GLM-5 / GLM-5.1 — Local AI Model by Zhipu AI

Written by Jakub Rusinowski · Last updated June 15, 2026

Zhipu AI's fifth-generation model series, released under MIT license for maximum flexibility. GLM-5 and GLM-5.1 excel at agentic workflows, tool calling, and long-context reasoning.
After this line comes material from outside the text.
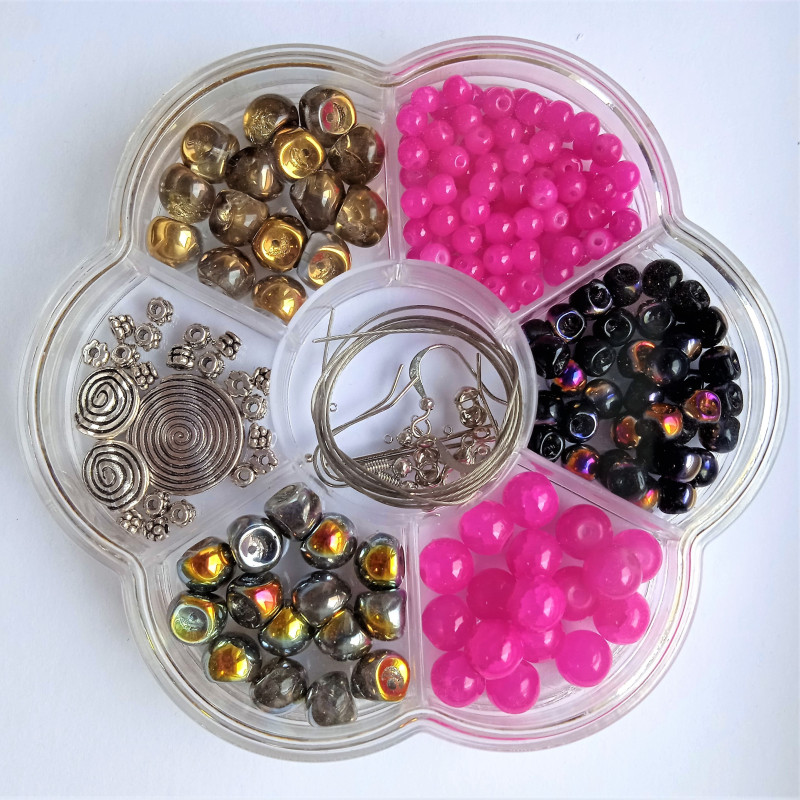 Tvořivý korálkový set č.4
The MIT license makes them one of the most commercially permissive frontier-class models available, with zero restrictions on commercial use or distribution.

Hardware Requirements

GLM-5 9B	Min 6 GB VRAM · Q4_K_M · 128,000 ctx · `ollama run hf.co/THUDM/GLM-5-9B-Chat-Q4_K_M`
GLM-5 32B	Min 20 GB VRAM · Q4_K_M · 128,000 ctx · `ollama run hf.co/THUDM/GLM-5-32B-Chat-Q4_K_M`
GLM-5.1 72B	Min 40 GB VRAM · Q4_K_M · 128,000 ctx · `ollama run hf.co/THUDM/GLM-5.1-72B-Chat-Q4_K_M`

How to Run Locally

Install Ollama then run: ollama run hf.co/THUDM/GLM-5-9B-Chat-Q4_K_M

Minimum VRAM: 6 GB. For best results use Q4_K_M quantization.

GLM-5 / GLM-5.1 — Frequently Asked Questions

How much VRAM does GLM-5 / GLM-5.1 need?

GLM-5 / GLM-5.1 needs about 6 GB VRAM at Q4_K_M quantization for its smallest variant. Variants: GLM-5 9B (6 GB, Q4_K_M); GLM-5 32B (20 GB, Q4_K_M); GLM-5.1 72B (40 GB, Q4_K_M). On Apple Silicon, unified memory counts toward this requirement.

Can I run GLM-5 / GLM-5.1 on an RTX 4090 (24 GB)?

Yes — GLM-5 / GLM-5.1 runs on an RTX 4090 (24 GB) and other 24 GB cards such as the RTX 3090. Smaller variants also fit comfortably on 8–16 GB GPUs at Q4_K_M.

What quantization should I use for GLM-5 / GLM-5.1?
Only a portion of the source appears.